I'm all for blaming Microsoft for shit, but "third party software update causes boot problem" isn't exactly anything they caused or did.
You also missed that the same software is deployed on Mac and Linux hosts.
Hell, they specifically call out their redhat partnership: https://www.crowdstrike.com/partners/falcon-for-red-hat/
Crowdstrike completely screwed the pooch with this deploy but ideally, Windows wouldn’t get crashed by a bas 3rd party software update. Although, the crashes may be by design in a way. If you don’t want your machine running without the security software running, and if the security software is buggy and won’t start up, maybe the safest thing is to not start up?
Are we acting like Linux couldn't have the same thing happen to it? There are plenty of things that can break boot.
CrowdStrike also supports Linux and if they fucked up a Windows patch, they could very well fuck up a linux one too. If they ever pushed a broken update on Linux endpoints, it could very well cause a kernel panic.
Yeah, it's a crowd strike issue. The software is essentially a kernel module, and a borked kernel module will have a lot of opportunities to ruin stuff, regardless of the OS.
Ideally, you want your failure mode to be configurable, since things like hospitals would often rather a failure with the security system keep the medical record access available. :/. If they're to the point of touching system files, you're pretty close to "game over" for most security contexts unfortunately. Some fun things you can do with hardware encryption modules for some cases, but at that point you're limiting damage more than preventing a breach.
Architecture wise, the windows hybrid kernel model is potentially more stable in the face of the "bad kernel module" sort of thing since a driver or module can fail without taking out the rest of the system. In practice.... Not usually since your video card shiting the bed is gonna ruin your day regardless.
How the fuck did my Fedora just bluescreen?? Crowdstrike!
*audience laughter, freeze-frame*
Are the Mac and Linux machines having BSOD (-style) issues and trouble booting?
No, because CrowdStrike didn't bork the drivers for those systems. They could have, though.
Nope, because they only shipped a corrupted windows kernel module.
It's dumb luck that whatever process resulted in them shipping a broken build didn't impact the other platforms.
They've got Paid BSOD, I've got FreeBSD, we're not the same.
isn't XNU more decoupled than Windows kernel?
"even on Lemmy"
Like this is some highbrow collection of geniuses here?
No just statistically we are all Arch (btw) Linux users who hate Windows.
Because it isn't. Their Linux sensor also uses a kernel driver, which means they could have just as easily caused a looping kernel panic on every Linux device it's installed on.
There's no way of knowing that, though. Perhaps their Linux and Darwin drivers wouldn't have paniced the system?
Regardless, doing almost anything at the kernel level is never a good idea
It's not impossible.

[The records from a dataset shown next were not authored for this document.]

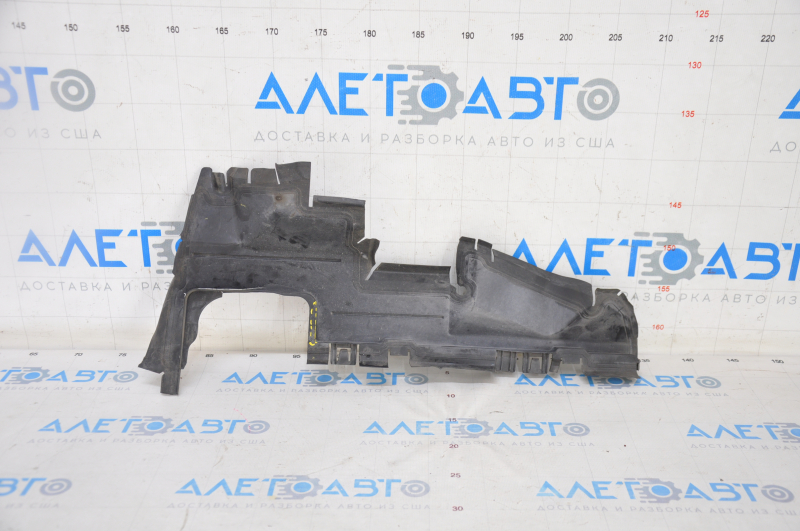 Right radiator deflector Audi A4 B8 13-16 2.0T fractures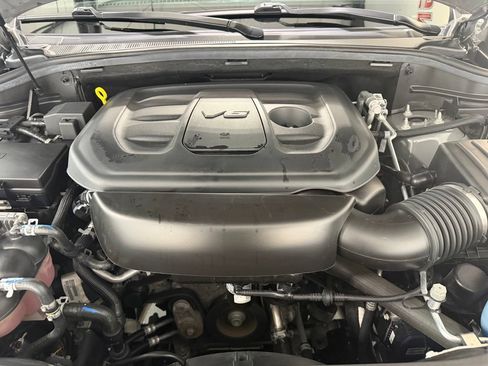 Used 2022 Jeep Grand Cherokee Laredo X AWD/4WD image 7
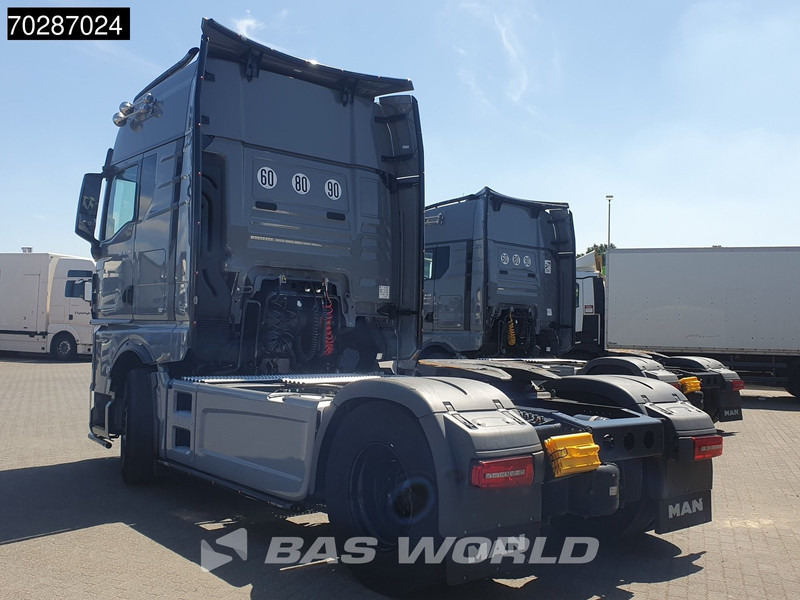 MAN TGX 18.520 4X2 Individual Lion S! GX Retarder Full-Air 2x Tanks Navi LED ACC Euro 6 - Tracteur routier: photos 2 MAN TGX 18.520 4X2 Individual Lion S! GX Retarder Full-Air 2x Tanks Navi LED ACC Euro 6 - Tracteur routier: photos 2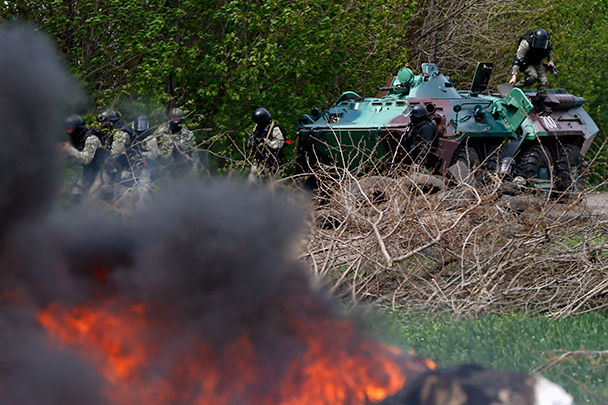 По информации местных СМИ, ополченцы прочесывают близлежащую лесополосу в поисках украинских силовиков (на фото). По некоторым данным, бронетехника силовиков отведена, но сами военные могли рассредоточиться поблизости от блокпоста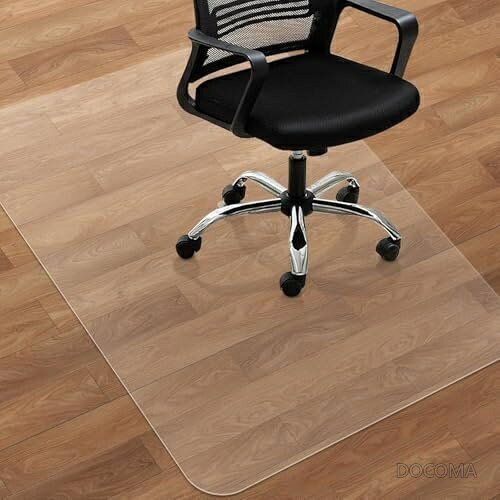 【送料無料】チェアマット 150×120cm 床保護マット ずれない カーペット対応 透明 PVC厚み1.5mm SGS認証済 無毒エコ素材 大型デスク 足元マット 傷防止 滑り止め 凹み防止 フローリング 床を保護 机下 椅子 フロア 畳 床暖房対応 オフィス 150×120cm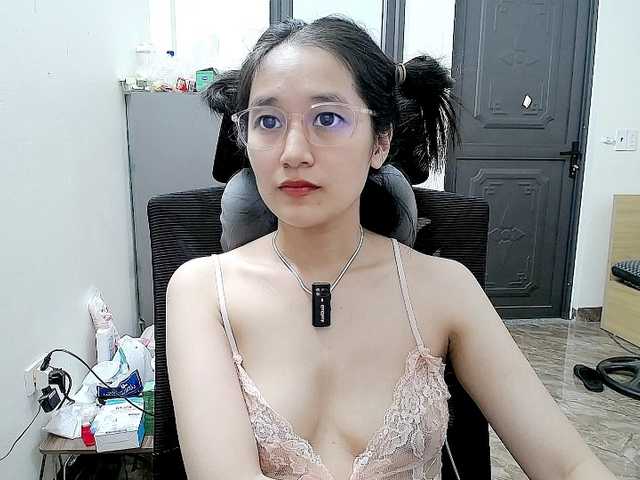 Hana099 live cam on BongaCams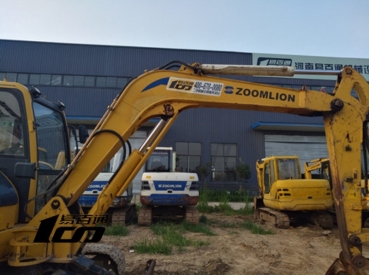 河南14.8万元出售8成新中联重科二手ZE60E挖掘机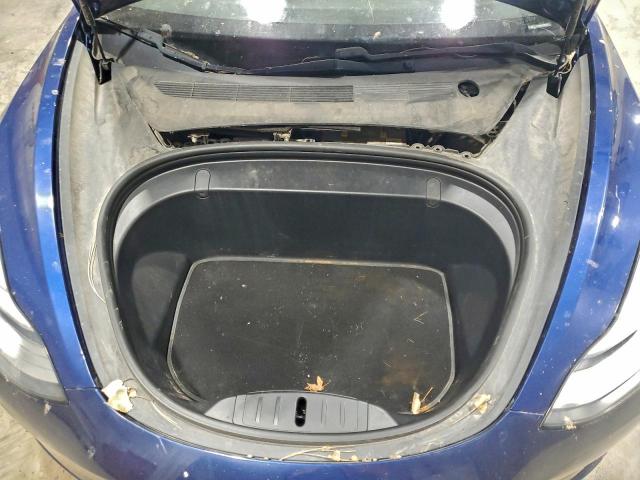 Tesla Model 3 Image 10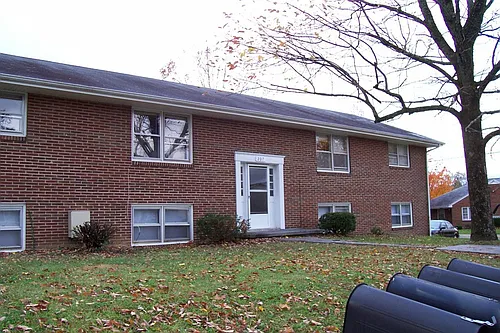 207 Broce Dr Photo 1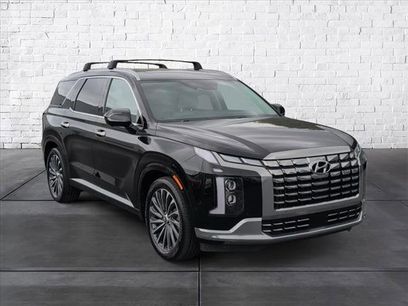 Used 2023 Hyundai Palisade Calligraphy w/ Winter Package
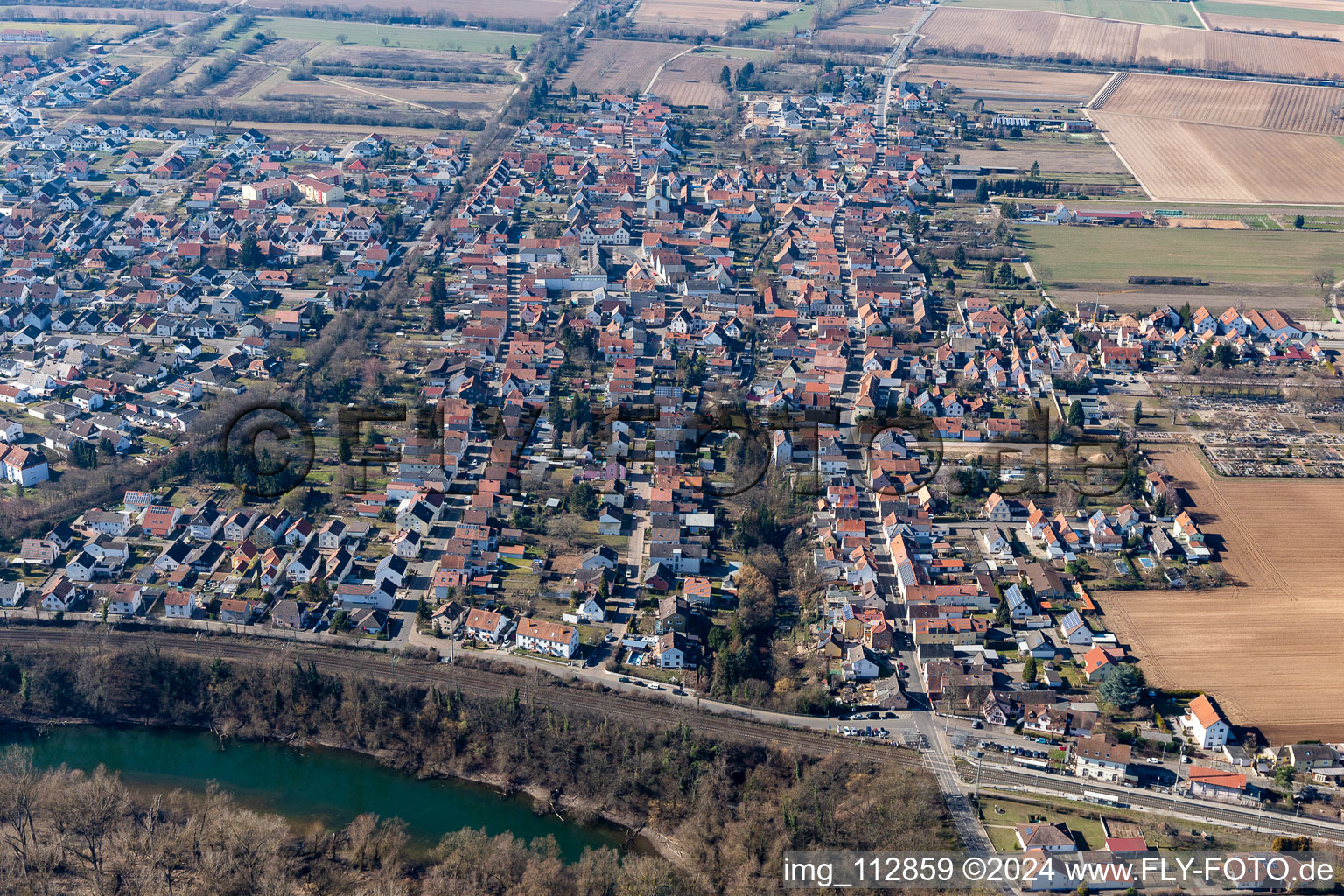 Lingenfeld im Bundesland Rheinland-Pfalz, Deutschland von einer Drohne aus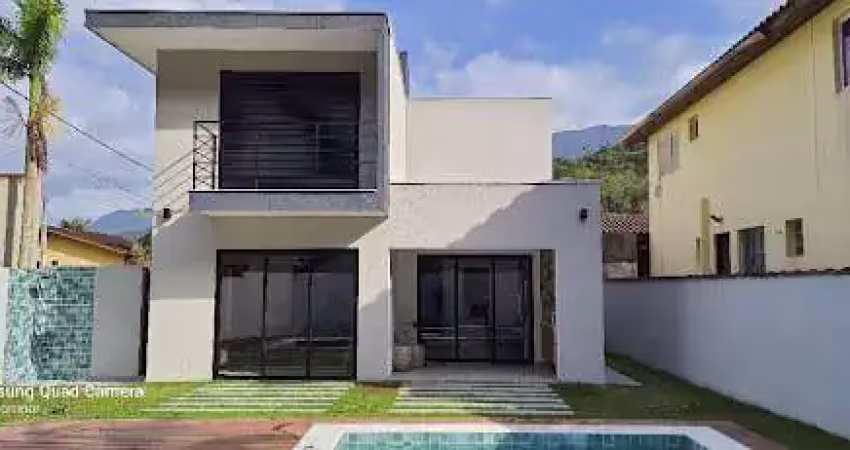 Casa com 4 dormitórios à venda, 170 m² por R$ 1.300.000,00 - Recanto Verde Mar - Caraguatatuba/SP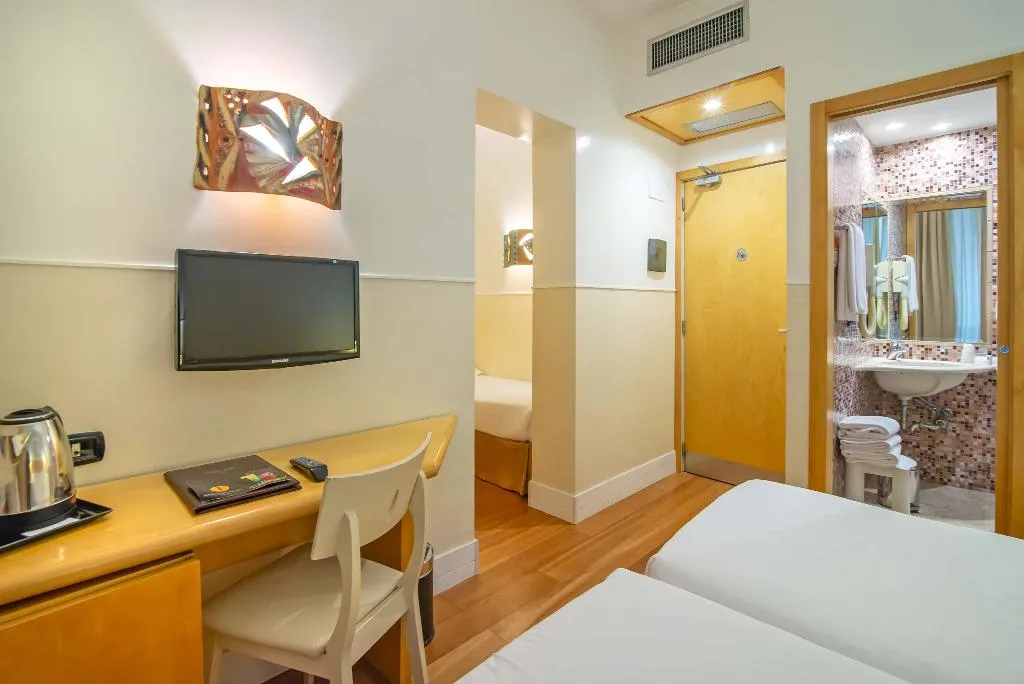 TRIPLE STANDARD Room, Hotel Aphrodite, Rome
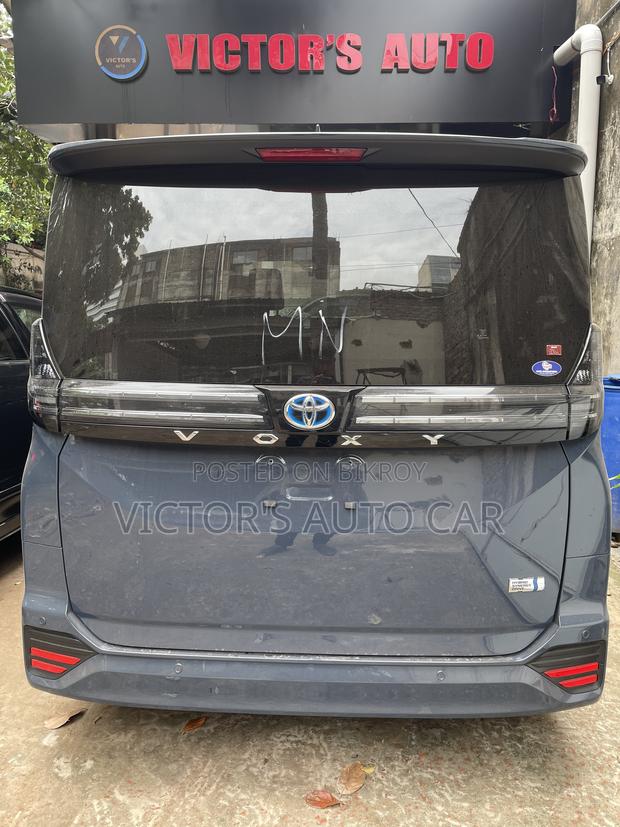 Toyota Voxy Hybrid S-Z 2WD 7-Seater 2025 Gray
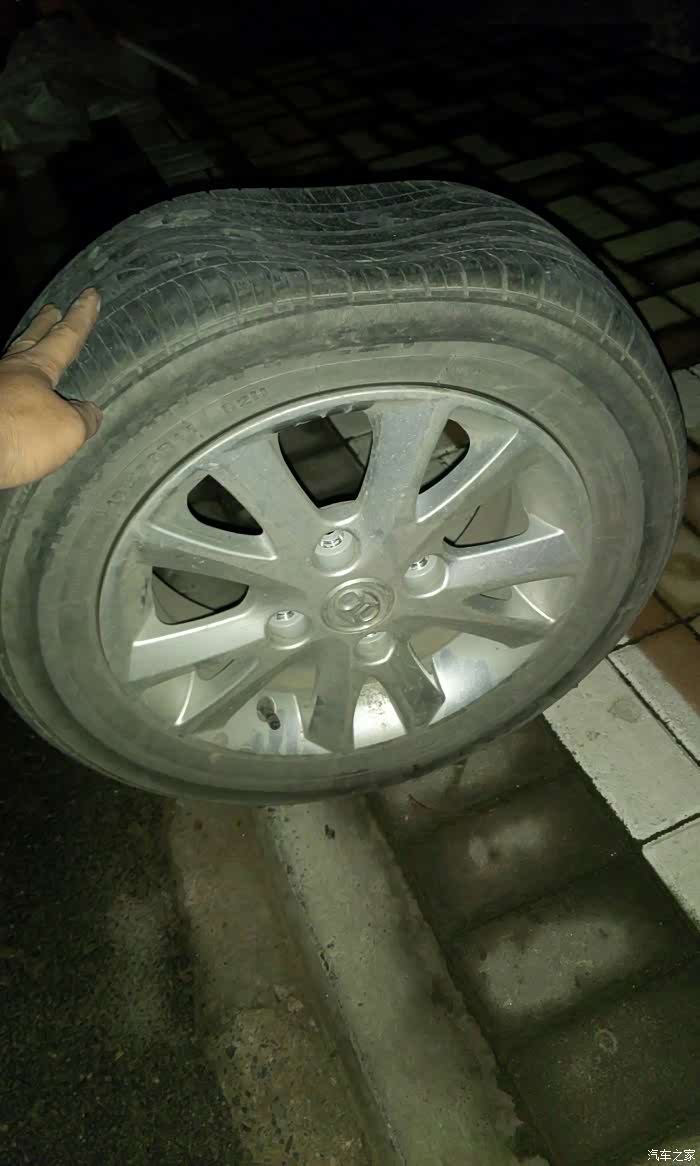 【图】e150轮胎内侧挂个口子,朋友们看看能不跑高速_绅宝d20(北汽e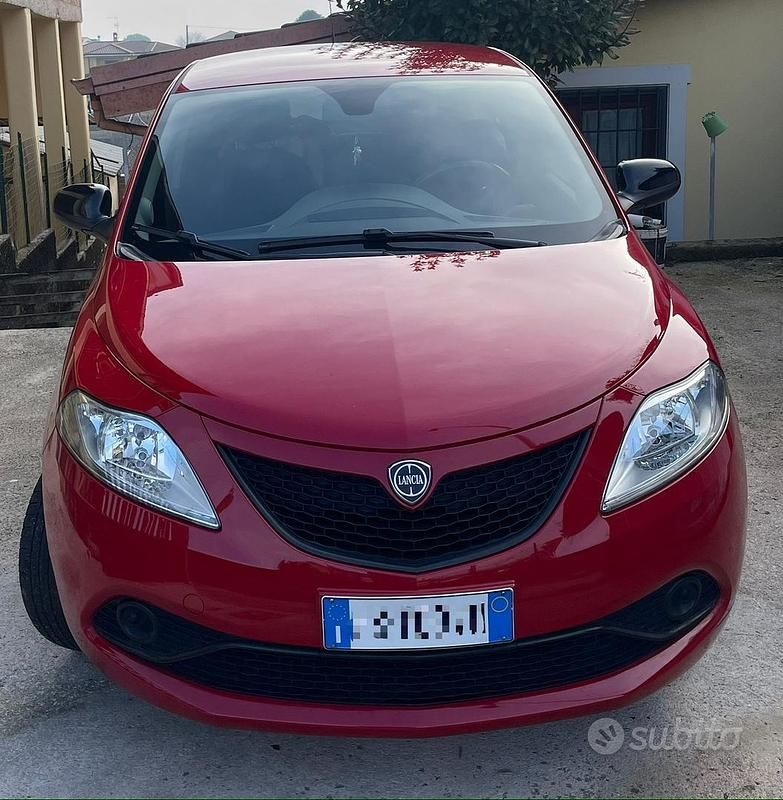 Usata Lancia Ypsilon 2018 Rosso Utilitaria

Crowdstrike has done it recently to linux machines.
Kernel panic observed after booting 5.14.0-427.13.1.el9_4.x86_64 by falcon-sensor process:
https://access.redhat.com/solutions/7068083
Paywalled, unfortunately
Also, it's less about "their" drivers and more about what a kernel module can do.
Saying "there's no way to know" doesn't fit, because we do know that a malformed kernel module can destabilize a linux or mac system.
"Malformed file" isn't a programming defect or something you can fix by having a better API.
Having the data exposed to userspace via an API would avoid having to have a kernel module at all... Which when malformed wouldn't compromise the kernel.
I mean, sure. But typically operating systems don't expose that type of information to user space, instead providing a kernel interface with user mode configuration.
It's why they use the same basic approach on mac and Linux.
Security operations being one of the things that is often best done at the kernel level because of the need to monitor network and file operations in a way you can't in user mode.